Прочувствовать их значимость можно, посмотрев на то, как романтики говорят о древнем Риме, – на то, как старая империя вдохновляла их на бунт против восходящего капитализма. Перси Шелли честно расписывается в своем долге перед Римом: в письме Томасу Пикоку от 1818 года читаем, что Рим был «городом <…> мертвых, а точнее – тех, кто не мог умереть; тех, кто пережил тщедушных потомков, занимавших и передававших иным то место, что освятили навсегда»738. Шелли понимал: лишь союз с мертвыми позволит преодолеть наши мелочность и тщедушие, подарит надежду на святость.
Поколением ранее якобинцы обращались к римскому республиканизму, конструируя собственную модель политического устройства. Размышляя о судьбе «всемирно-исторических заклинаний мертвых», Маркс вспоминал, как герои Французской революции «выполнили задачу своего времени <…> в римском костюме и римскими фразами»739. Тем не менее это драматичное цитирование не обесценило будущую значимость Рима ни для политического действия, ни для политического воображаемого самых разных спектров. В 30‐х годах XX века нацисты вновь обратились к мертвым римлянам, пытаясь поспеть за образным языком Германии. В руках Альберта Шпеера Пантеон стал прообразом Volkshalle.

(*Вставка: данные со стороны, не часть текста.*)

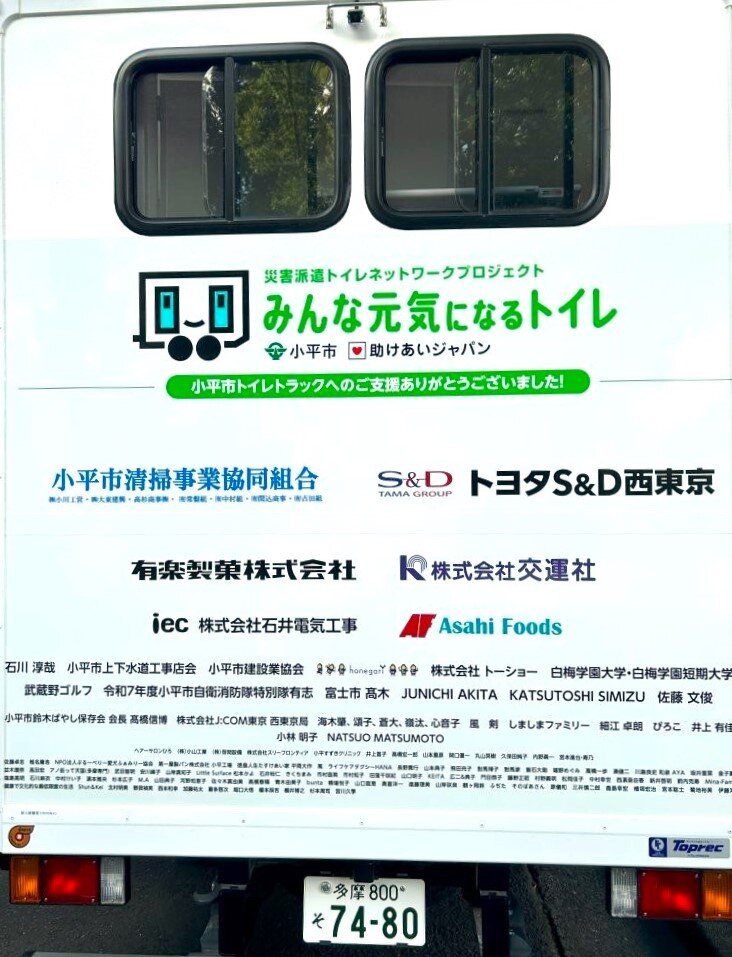 小玉学長が小平市災害用トラックお披露目会に参加しました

Перед лицом этой неопределенности важно понять, какими действиями возможно вытолкнуть нашу борьбу на новый уровень, за границы образов желаемого. Как освободить мертвых от социального излишка, как защитить их честь и уберечь от призыва в войска, мифология которых конфликтует с собственными задачами? Как – вслед за Беньямином – мы можем пробудить мертвецов и восстановить распавшееся целое? Этим вопросам нужны программные ответы. Тем не менее, прежде чем мы решимся их сформулировать, разрешим последние концептуальные неясности. Это потребует повторного обращения к проблеме суверенности.

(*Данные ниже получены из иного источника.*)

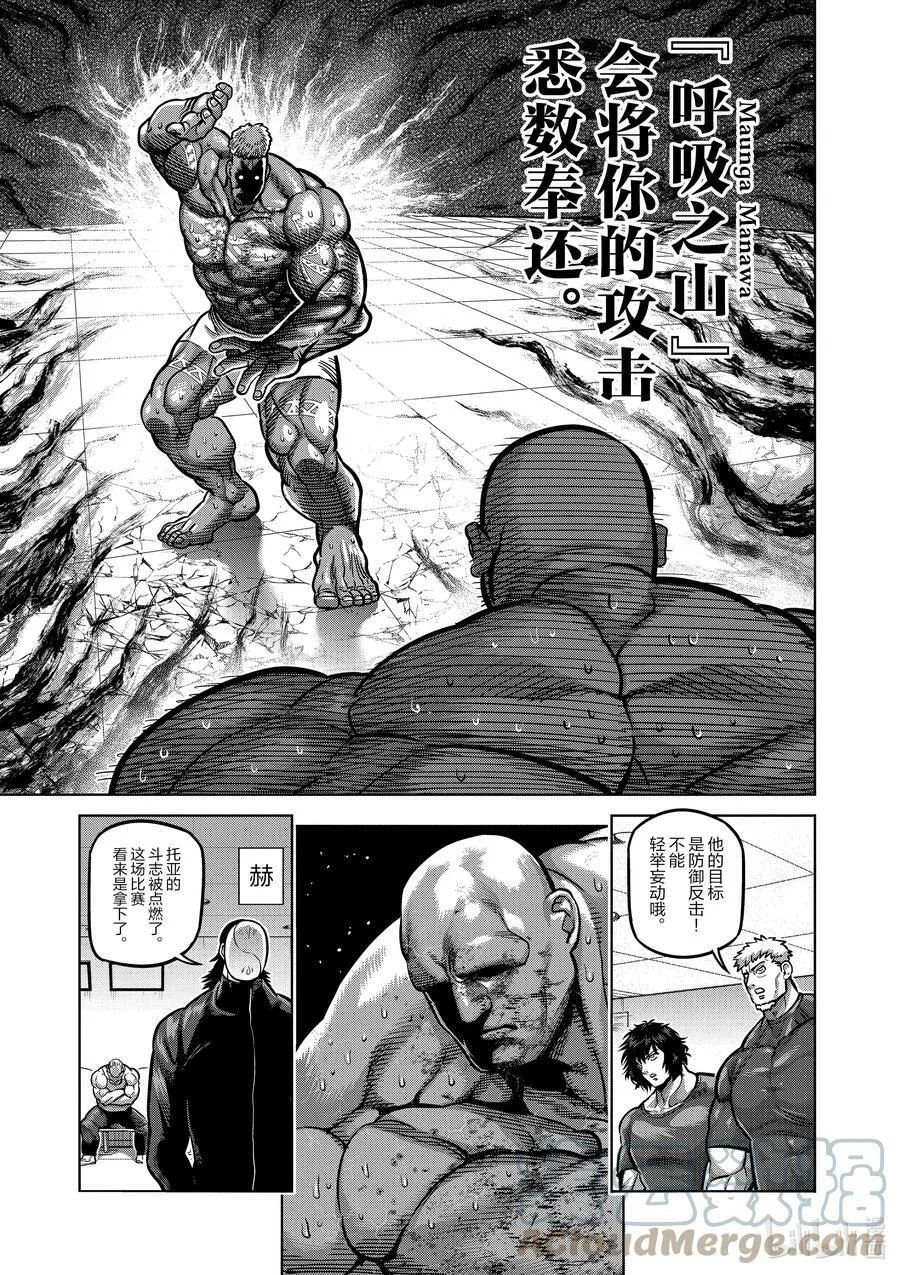 75 弑神 第9页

В каких же отношениях состоят суверенность, совместности и некрополь? Ответить нам поможет текст «Rebel Cities», в котором Харви предпринимает партизанскую атаку на романтизм, захвативший умы современных левых, и предлагает понимать совместность как «нестабильное и хрупкое социальное отношение, устанавливаемое между конкретной социальной группой и определенными аспектами ее социального или физического окружения, уже существующими физически или же предполагаемыми к созданию; аспектами, критически необходимыми для жизни группы и поддержания средств к существованию»740. И хотя Харви избегает прямых отсылок, это определение явно многим обязано понятию «политического», очерченному Карлом Шмиттом. Конечно, то, как Харви рассматривает самоопределяемую «социальную группу», ее «физическое окружение» и аспекты, которые «критически необходимы» для ее жизни, отсылает нас к тезису, который отстаивал Шмитт: политика рождается из отношений людей, территории и того, что он называл формой жизни или «способом существования» (mode of existence)741.

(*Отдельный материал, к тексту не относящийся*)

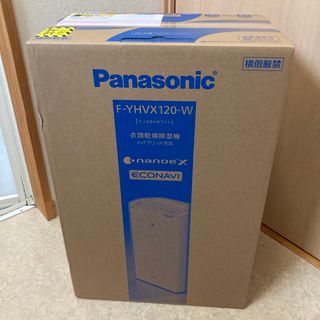 パナソニック(Panasonic)のPanasonic  衣類乾燥機　衣類乾燥除湿機(衣類乾燥機)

Раз мы наблюдаем такое соответствие, неудивительно и то, что Харви воскрешает шмиттианское различение «друг – враг». Согласно Шмитту, политика предполагает «различение друга и врага»: враг «есть именно иной, чужой, и для существа его довольно и того, что он в особенно интенсивном смысле есть нечто иное и чуждое, так что в экстремальном случае возможны конфликты с ним»742. Следовательно, политика как таковая требует врага, к которому можно применить понятие «чуждости»; оно позволит «сохранить собственную самостоятельность»743. Коллективный субъект, порождаемый различением «друг – враг», сохраняет свою самостоятельность, отталкивая врага, чтобы обеспечить безопасность оспариваемой территории. И лишь в случае удачной защиты возможно определить, какие социальные отношения будут превалировать в обществе. Харви, находящийся на другом конце политического спектра, тем не менее занимает практически идентичную позицию, когда отмечает, что «в конце концов аналитику необходимо принять простое решение: на чьей ты стороне, чьи общие интересы ты стремишься защитить и какими средствами»744.
Ответ на эти вопросы вынуждает нас определить, кто мы есть, какими методами мы действуем и какие социальные отношения мы желаем установить на подконтрольной территории. И раз капитализм вытягивает из нас жизненные силы, «мы» суть оставшиеся живые, заключившие союз с мертвыми. И пусть границы нашей территории пока не определены, мы все же знаем: она может и захватывать всю планету, и сжиматься до размеров мельчайших деталей, движущих те самые чудеса, которые отчуждены от нас. И пока мы не стали сувереном, мы знаем: наш враг задает тон отношениям, которым подчиняется наша территория. И потому нас, живых, вынуждают противостоять мертвым – но все может быть иначе.